Le politicien idéal aurait le courage de ses convictions. La vie politique, la quête du pouvoir, les aléas de la conjoncture lui imposeraient certes des virages et des compromis. Mais il y a un seuil qu'il refuserait de franchir: celui des idées qui lui sont les plus chères, celui de ses principes. Pour ceux-là, il serait prêt à se battre, quitte à perdre. À quoi bon faire de la politique si ce n'est pour défendre des idées?

C'est pourquoi il était si révoltant de voir, l'automne dernier, des partis fédéralistes pactiser avec le Bloc québécois. Rien à voir avec la légitimité - incontestable - des députés bloquistes. Simplement, il était à nos yeux à la fois inacceptable et incompréhensible que des politiciens croyant au Canada agissent de manière à renforcer une formation vouée à la sécession du Québec.

 

De la même manière, on ne peut qu'être scandalisé en apprenant que l'Action démocratique a proposé au Parti québécois de former une coalition afin de soutirer le pouvoir à Jean Charest avant qu'il ne déclenche des élections, en novembre dernier.
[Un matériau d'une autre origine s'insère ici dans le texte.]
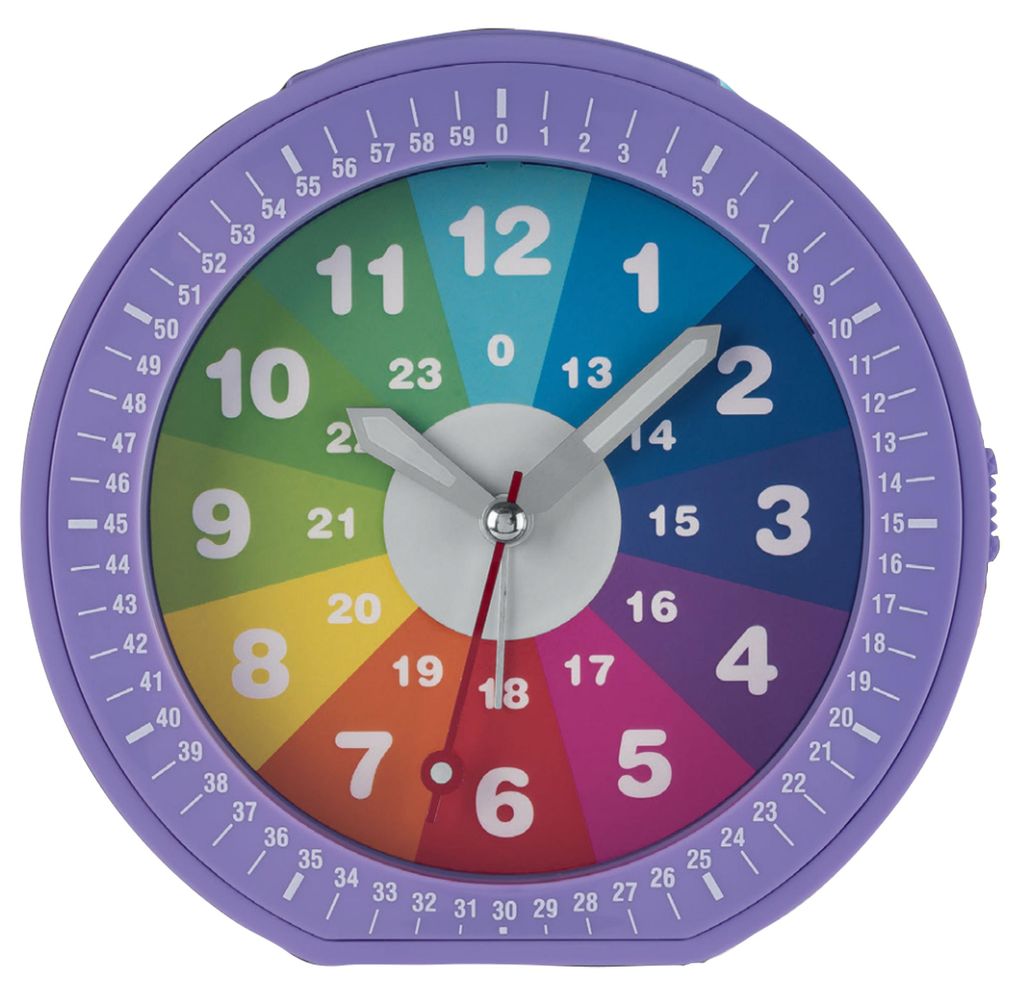 Miraval Kinderwecker Lila – Moderner Wecker mit Licht, Snooze & klappbarem Aufsteller, Kunststoffgehäuse, batteriebetrieben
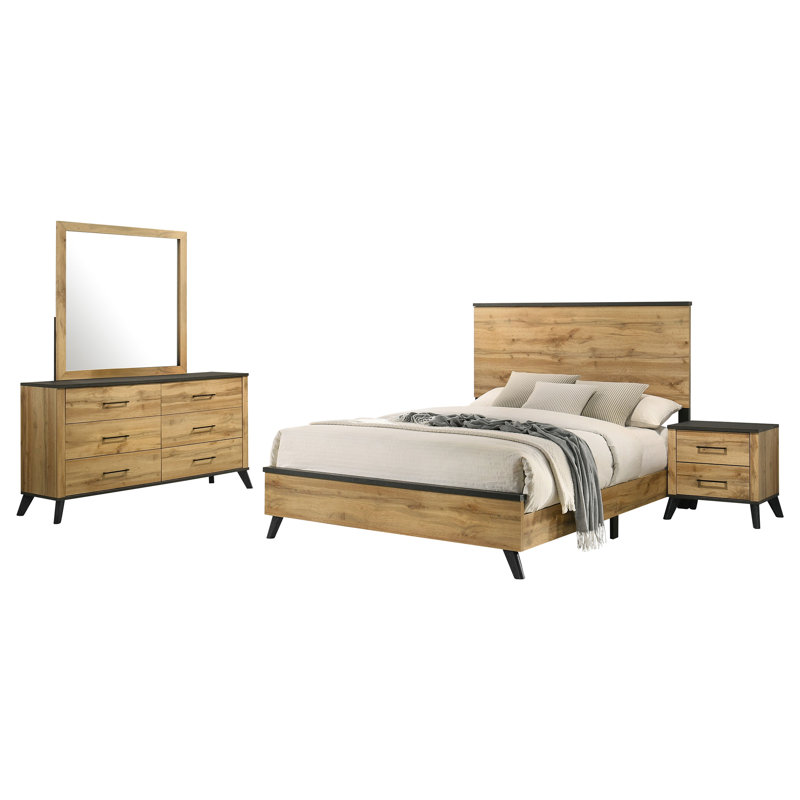 Ensemble de chambre avec grand lit 4 pièces Falu Pin naturel, 4 Pcs: Dresser; Mirror; Bed; Nightstand, Grand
Comment Mario Dumont a-t-il pu envisager de gouverner aux côtés d'un des «vieux partis» qu'il n'avait cessé de dénoncer depuis la création de l'ADQ? Pire encore, de gouverner avec un parti dont plusieurs des positions étaient à des années-lumière des siennes? C'est pourtant ainsi que les choses se sont passées, comme l'a révélé la semaine dernière le chef du bureau de La Presse à l'Assemblée nationale, Denis Lessard.

Pour mémoire, voici ce que M. Dumont écrivait dans son livre (publié en 2005) au sujet de l'offre que lui avait fait Lucien Bouchard de se joindre à son gouvernement: «En réalité, tout m'éloignait du PQ: le cheminement politique qui avait été le mien jusqu'alors, mon aversion pour le dogmatisme étroit de ce parti, l'obligation dans laquelle étaient ses chefs et ses grands ténors de faire, périodiquement, profession de foi pour la souveraineté, sans parler de l'obligation de s'engager, de façon récurrente, vis-à-vis de ce que les péquistes appellent pompeusement la social-démocratie (...).» On apprend aujourd'hui que tout éloignait M. Dumont du Parti québécois... sauf l'appétit du pouvoir. Il avait pourtant intitulé son livre Avoir le courage de ses convictions.

C'est vrai, l'ADQ était confrontée à l'époque à la perspective d'une raclée électorale. Vrai aussi, la coalition aurait reposé sur un accord tentant de faire le pont entre les deux programmes. Tout de même, pour un parti qui a toujours prétendu offrir une rupture avec la politique du passé, la manoeuvre était rien de moins que grossière.

Ne vaut-il pas mieux perdre en étant fidèle à ses idées que prendre le pouvoir sous de fausses représentations? C'est, en tout cas, ce que croirait le politicien idéal.